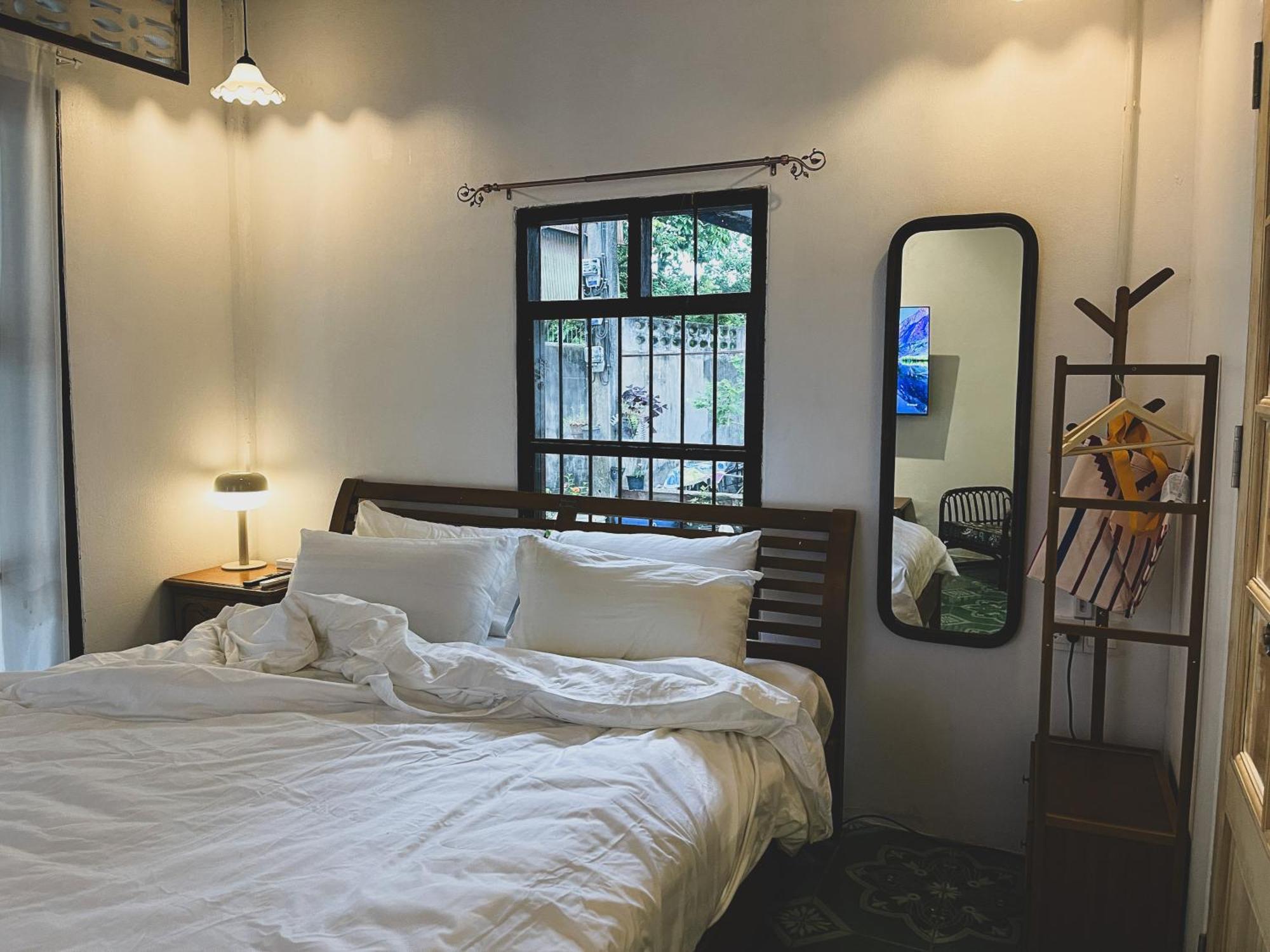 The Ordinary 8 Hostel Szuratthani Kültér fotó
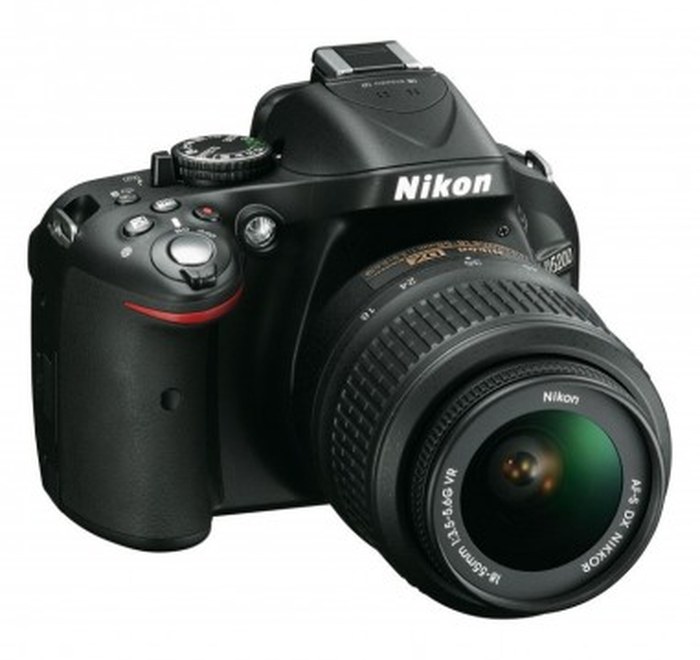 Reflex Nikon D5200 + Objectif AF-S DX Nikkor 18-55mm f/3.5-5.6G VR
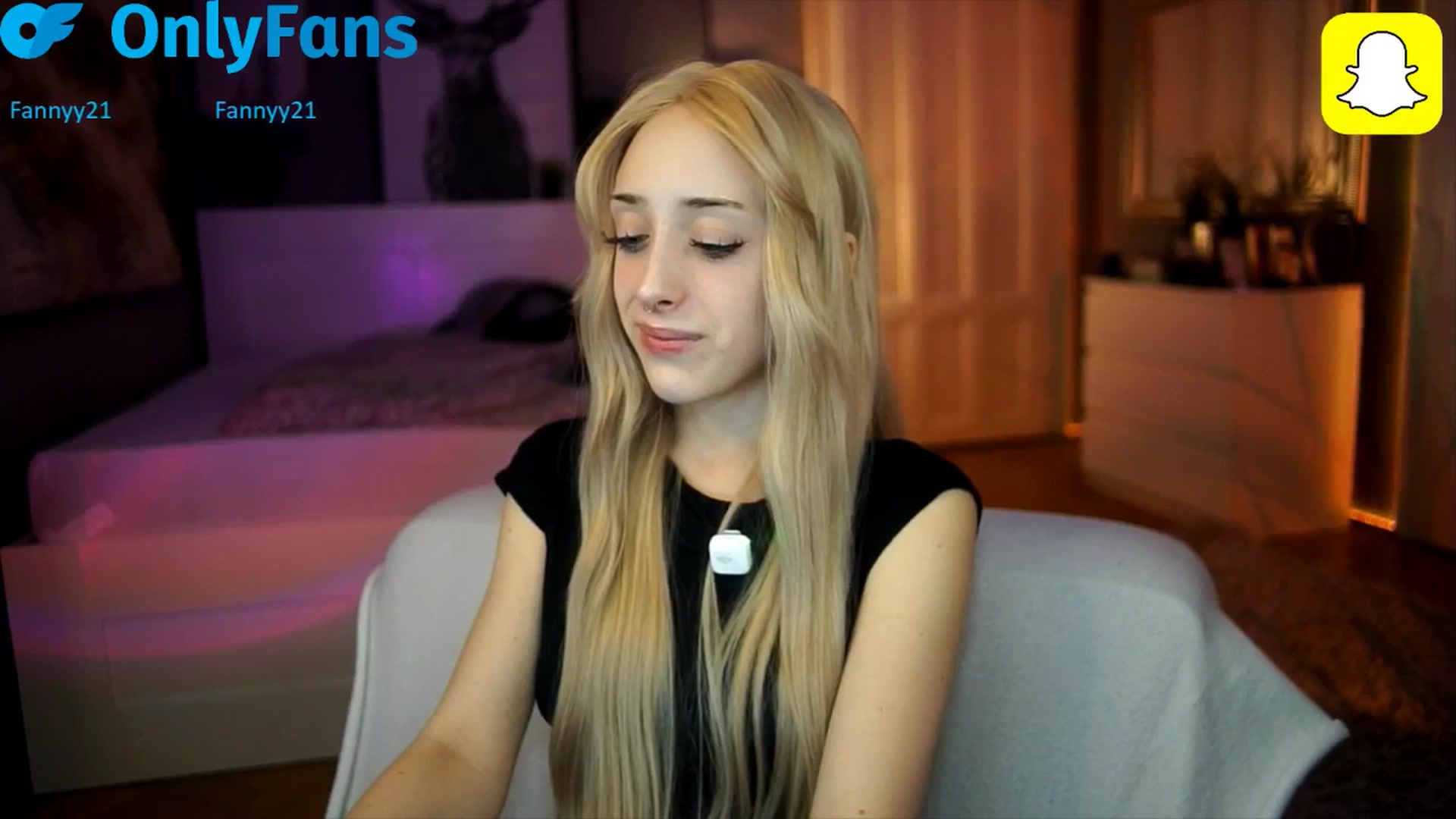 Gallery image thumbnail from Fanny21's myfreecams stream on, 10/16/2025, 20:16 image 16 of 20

────

Every line of the data above is to be set down exactly; the pictures are not.

_EXERCISE RESPONSE:_
 The Ordinary 8 Hostel Szuratthani Kültér fotó
 Reflex Nikon D5200 + Objectif AF-S DX Nikkor 18-55mm f/3.5-5.6G VR
 Gallery image thumbnail from Fanny21's myfreecams stream on, 10/16/2025, 20:16 image 16 of 20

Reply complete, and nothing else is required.